O ex-arqueiro abordou ainda a estratégia jurídica empregada à época, afirmando que não foi ele quem selecionou o defensor que o representou no começo do litígio. “Na verdade, nem deveria ser eu a estar ali. Fizeram a escolha por mim”, narrou. Ele complementou que somente agora se sente à vontade para discutir o assunto com mais franqueza, embora ressalte a impossibilidade de mencionar nomes.

No decorrer da entrevista, foi levantada a questão sobre a existência de documentos referentes à comercialização de um de seus veículos, que teriam vindo à tona logo nas fases iniciais das apurações. Bruno confirmou ter conhecimento aprofundado do ocorrido: “Tenho muitas informações sobre isso”.
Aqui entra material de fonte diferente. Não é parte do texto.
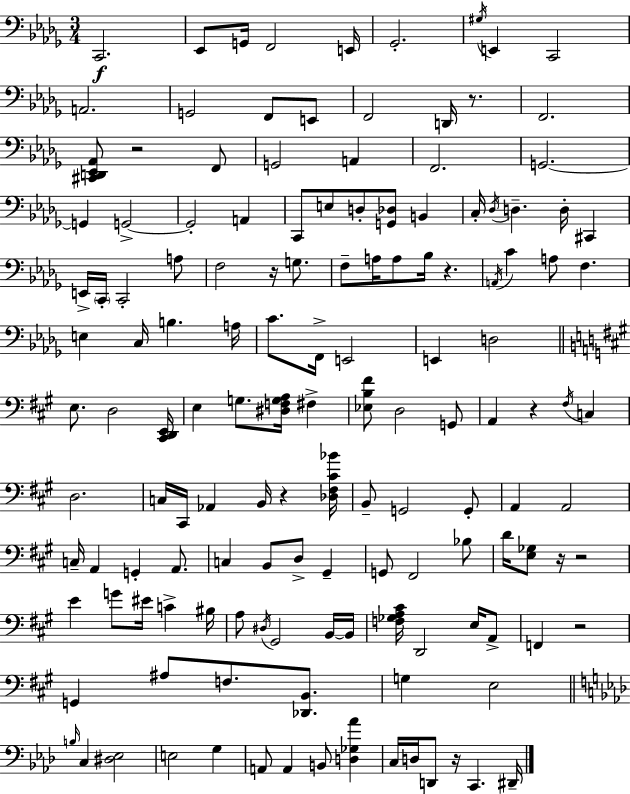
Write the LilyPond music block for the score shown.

Finalmente, o ex-goleiro reiterou suas críticas à forma como o processo foi conduzido, sustentando que, em sua percepção, o desenrolar dos fatos teria sido outro caso ele não fosse uma personalidade pública. “Se eu não fosse o Bruno, diante de um processo repleto de inconsistências, sequer seria detido”, declarou.

Bruno foi sentenciado a 27 anos e três meses de reclusão pelo homicídio de Elisa Samudio, crime que ocorreu em 2010. O cadáver da vítima jamais foi localizado.